= Janie Leatherman =

Janie L. Leatherman (born 1959) is an international relations scholar from the United States. She is a Professor of Politics and International Studies at Fairfield University. Her publications encompass conflict early warning and prevention, conflict transformation, and peace building, which work is cited in the development of the international principle and doctrine on the Responsibility to Protect. In addition, her scholarship has contributed to the normative understanding of peace building, and the exercise of discipline and punitive power in international affairs, including in the global political economy of sexual violence and armed conflict, and its gendered dimensions.

== Early life ==
Leatherman was born in Toledo, Ohio, and raised in the Church of the Brethren. Leatherman attended Manchester University in Indiana, graduating summa cum laude with a BA in Spanish and in Peace Studies. She also completed two years of undergraduate study at the University of Barcelona through the Brethren Colleges Abroad (BCA) program, and served as an Assistant to the BCA Director from 1982–1983.

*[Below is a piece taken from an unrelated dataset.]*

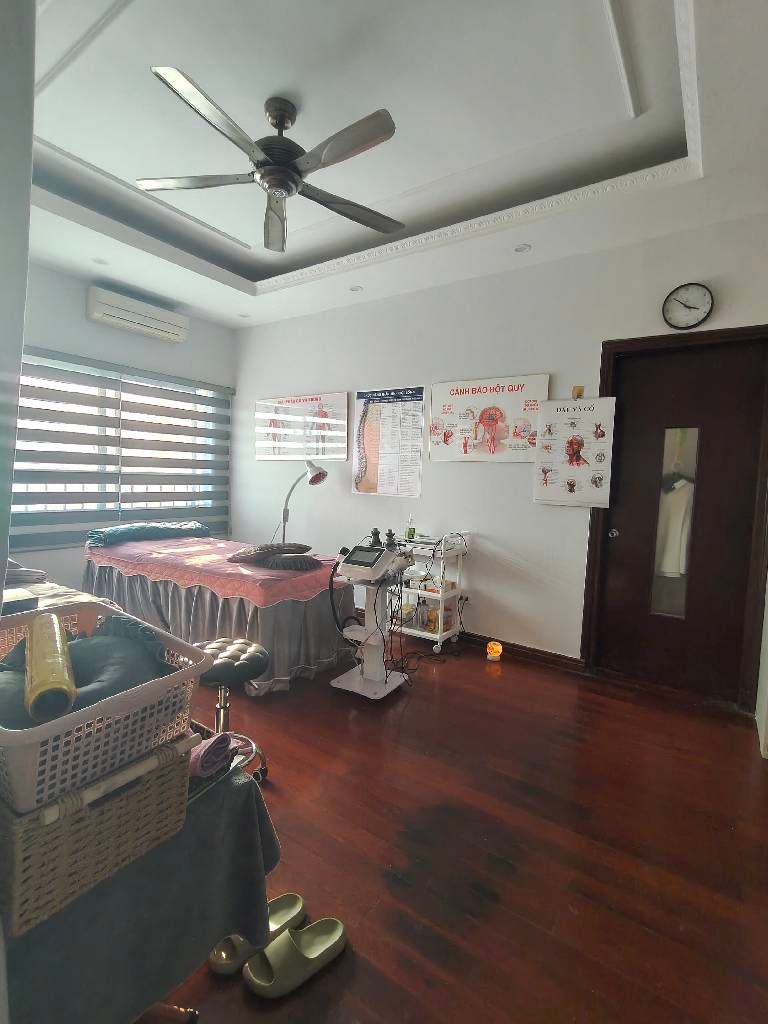 Bán nhà Nguyễn Chí Thanh - diện tích 127m2 15 tầng - Nhà đẹp hiếm có - giá 13,98 tỷ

Leatherman received her MA and PhD summa cum laude in International Studies in 1985 and 1991, respectively, from the Josef Korbel School of International Studies, the University of Denver. During that time she was recipient of a 1985–1986 West German Government post-graduate fellowship sponsored by the University of Tübingen’s Peace Research Group (Arbeitsgruppe Friedensforschung/AGFF) at the Institute of Political Science. She also received dissertation fellowships in 1987–88 from the American Scandinavian Foundation and Fulbright Hayes to Finland. There she researched the neutral and non-aligned states third party mediation in the Conferences on Security and Cooperation in Europe (CSCE). She continued this research throughout the 1990s, and in 2003 published a major study on the transformation of the Cold War, titled From Cold War to Democratic Peace: Third Parties, Peaceful Change and the OSCE (Syracuse University Press).

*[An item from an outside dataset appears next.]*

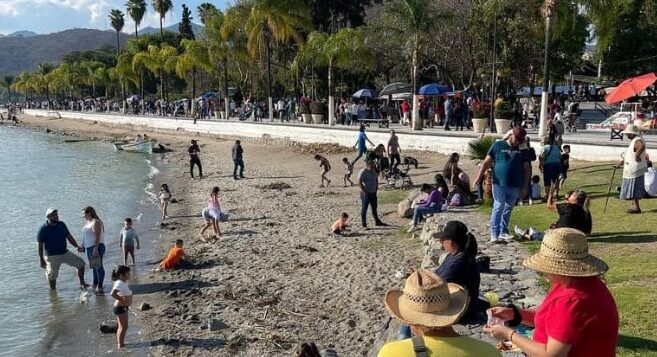 Do you feel safe in Mexico? Two surveys show a divide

Her post-doctoral studies also included a fellowship from the Swedish government for research at the Swedish Institute for International Affairs in 1994 focused on early warning and conflict prevention. From 1992–1997, she was a visiting fellow at the Joan B. Kroc Institute for International Peace Studies, the University of Notre Dame, where she collaborated with colleagues on projects related to conflict early warning and prevention in consultation with Catholic Relief Services. She also participated in the South Balkans Working Group at the Center for Preventive Action in the Council on Foreign Relations (New York), authoring a background study on conflict prevention in the former Yugoslav Republic of Macedonia, and contributing to the Track II mission and report that led to the first comprehensive, and regional framework for peace in the South Balkans, released in a 1996 publication, Toward Comprehensive Peace in Southeast Europe: Conflict Prevention in the South Balkans, edited by Barnett Rubin (New York: Twentieth Century Fund).

== Career ==
Leatherman has served as a trainer and consultant in conflict resolution for a number of other national and international institutions, including the U.S. Ambassador-at-Large for War Crimes, the United Nations University (UNU), Catholic Relief Services, Search for Common Ground, the Brookings Institution, and for various track II peacebuilding workshops. She has held faculty appointments at Macalester College 1989–91 and Illinois State University from 1997–2006, where she was also the Director of International Affairs for the College of Arts and Sciences from 2005–2006, Co-Director of Peace Studies from 1999–2006, and Director of Model UN from 1999–2006. She also served as Director of Brethren Colleges Abroad and taught at the University of Barcelona from 1991–1992.

Leatherman has received numerous grants from national and international sources, including the United States Agency for International Development, United States Institute of Peace, United States Department of Education, the Social Science Research Council, the Association of Colleges and Universities, and the Pew Charitable Trusts.

== Publications ==
Leatherman’s publications include
- Sexual Violence and Armed Conflict (Polity, 2011);
- Discipline and Punishment in Global Politics: Illusions of Control (Palgrave Macmillan, 2008);

== Awards ==
Leatherman has received a number of awards recognizing her work in curriculum and teaching, including the 2010 International Education Faculty Achievement Award, recognizing extraordinary achievement in curriculum development and teaching to prepare world citizens, conferred by the International Association of University Presidents. She was inducted into the Golden Key International Society as an Honorary Member in 2000.